As a native western Washingtonian, I have to say I am picking up what you were putting down in your editorial, “Local control for predators.”
I read along and suddenly realized you were talking about a policy only dreamt about over here, why I almost spat out my latte! I didn’t, of course, but was led to put pen to paper to wholeheartedly agree with you.
Now, goodness knows I don’t live on Fifth Avenue but I do live in North Bend, Wash. We do see bears and cougars quite regularly and wolves only occasionally. We lose livestock and our fair share of small dogs and cats but, I’ll agree, predators aren’t our biggest problem. Still if local control is now going to be a statewide policy, I’m on board.
I’m ready to “manage” what some of us Westerners see as our biggest foes: deer, elk and cattle. I know, right? These are the very things Eastern Washingtonians are trying to protect from the big bad wolf but hear me out.
If we’re talking danger to humans in our state; bears, wolves and cougars barely figure into the equation. Shockingly, cattle and horses come out on top in the “danger to humans” category. I say take them out! If those hoofed hooligans can’t respect me and my yoga mat, we just don’t need them around.
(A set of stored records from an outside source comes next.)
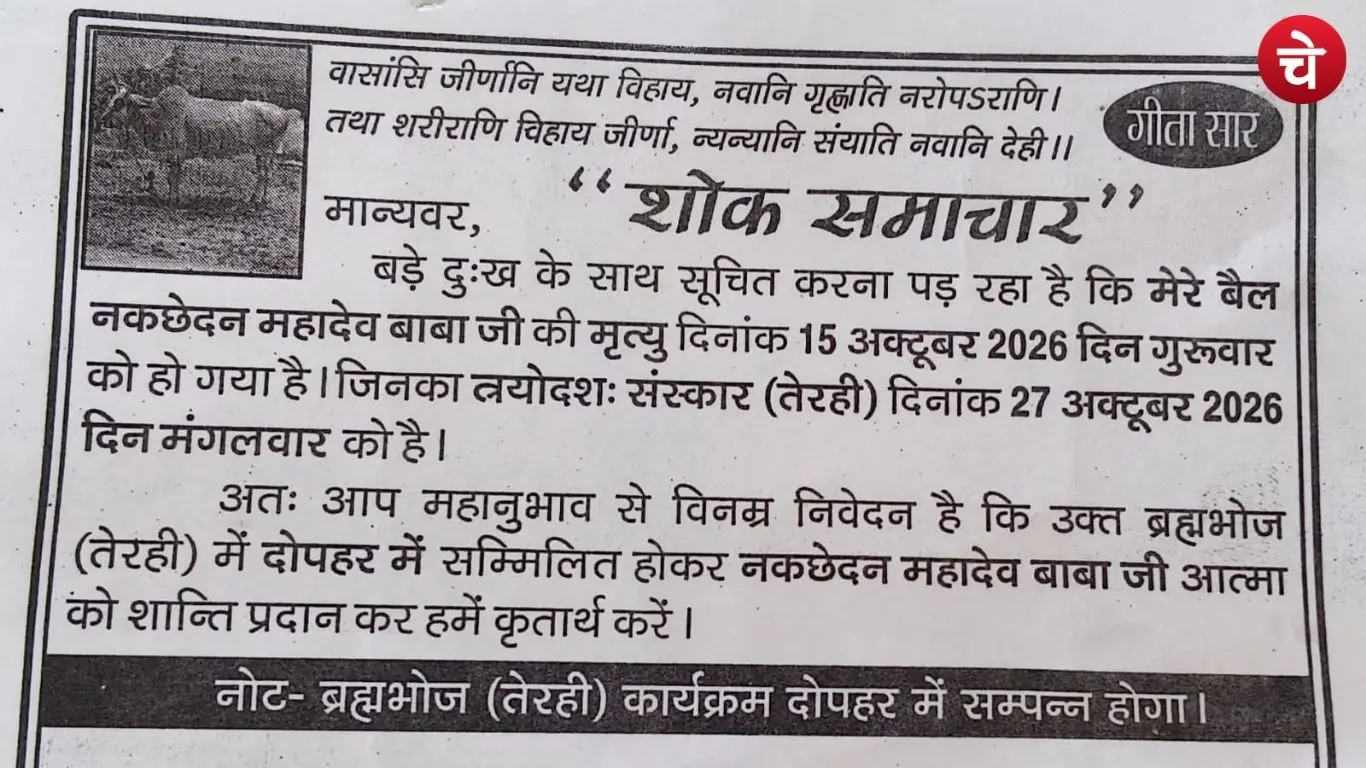 जौनपुर में मृत बैल की तेरहवीं का आयोजन, 3,000 लोगों के लिए बनेगा भोजन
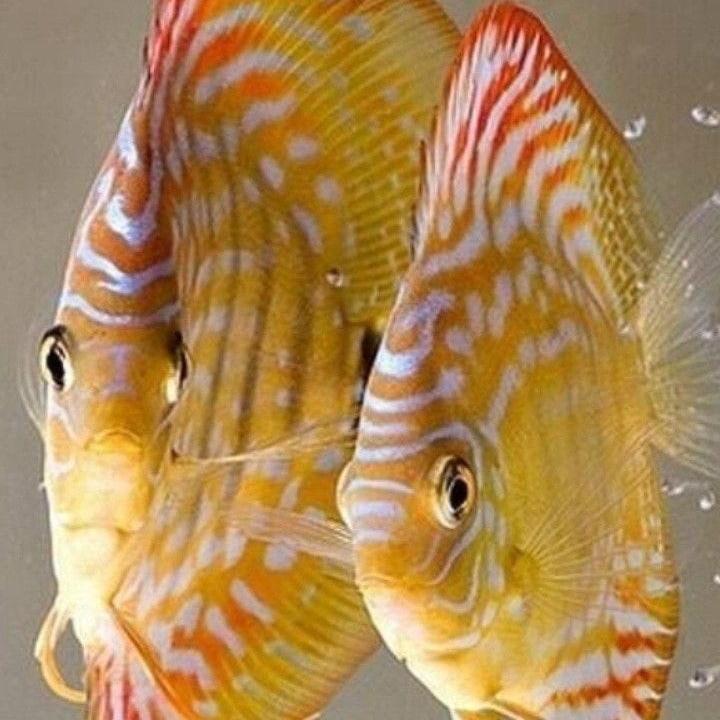 ikan discus alenquer / discus merah / discus coklat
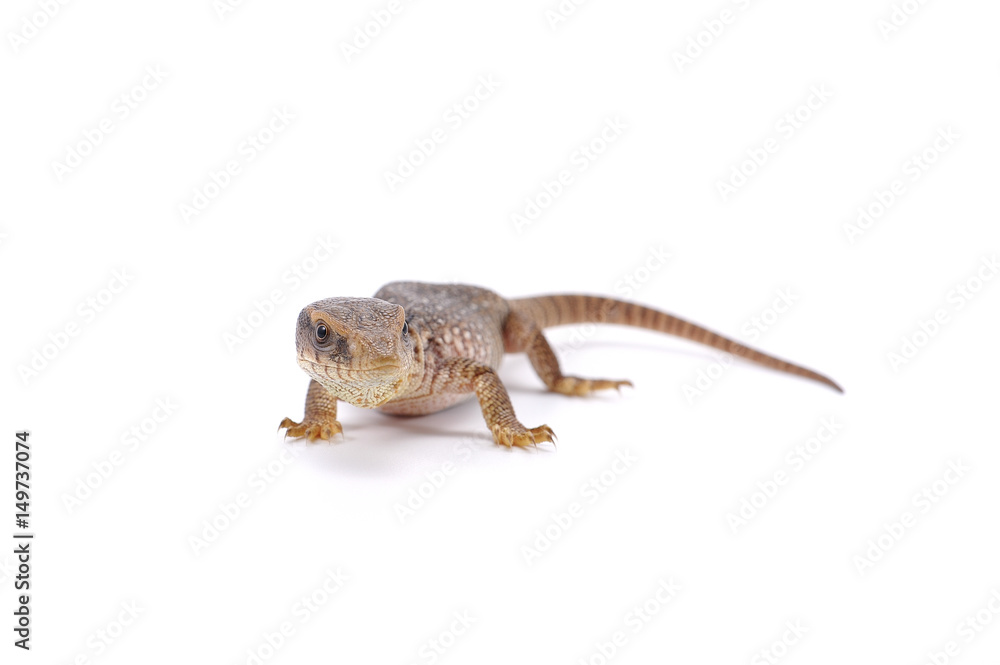 Naklejka premium Savannah monitor lizard varan isolated on white background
Would you believe deer are deadlier than sharks, alligators, bears and rattlesnakes combined? The WSDOT tracks deer-car collisions and numbers suggest that a minimum of 5,000 collisions with deer and 200 collisions with elk occur each year. Nationally the National Highway Traffic Safety Administration estimates that there are about 1 million car crashes annually that involve deer, killing about 200 people in the process. The average property damage is about $3,305 per accident. It seems to me that eliminating our western Washington deer would save us a lot of money. Sure, the hunting opportunities would plummet but since hunters are a graying population, we need to get creative with our bloodthirsty hooved wild things.
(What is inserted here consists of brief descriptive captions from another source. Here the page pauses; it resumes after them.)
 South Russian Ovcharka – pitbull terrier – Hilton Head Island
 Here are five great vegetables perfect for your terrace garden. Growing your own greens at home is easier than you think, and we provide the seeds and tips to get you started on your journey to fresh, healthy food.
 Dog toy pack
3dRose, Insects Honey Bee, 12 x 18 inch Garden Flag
After all, not only are they killing us and making us crash our cars, they devour plantings, saplings and crops. They cause nearly $1 billion in farm, garden and timber damage. One deer can consume up to a ton and a half of greenery per year. Which, by over browsing, threatens bird habitats.
Lastly, these marauding herbivores are carriers for Lyme and Chronic Wasting Disease. Which some researchers say might soon be a threat to the human population. So, yeah, kill all the predators who might help control the deer and elk populations. We’ll return the favor by getting all hooved animals who may cause us harm. Do it for the cattle because they love us and would never hurt us. Wait….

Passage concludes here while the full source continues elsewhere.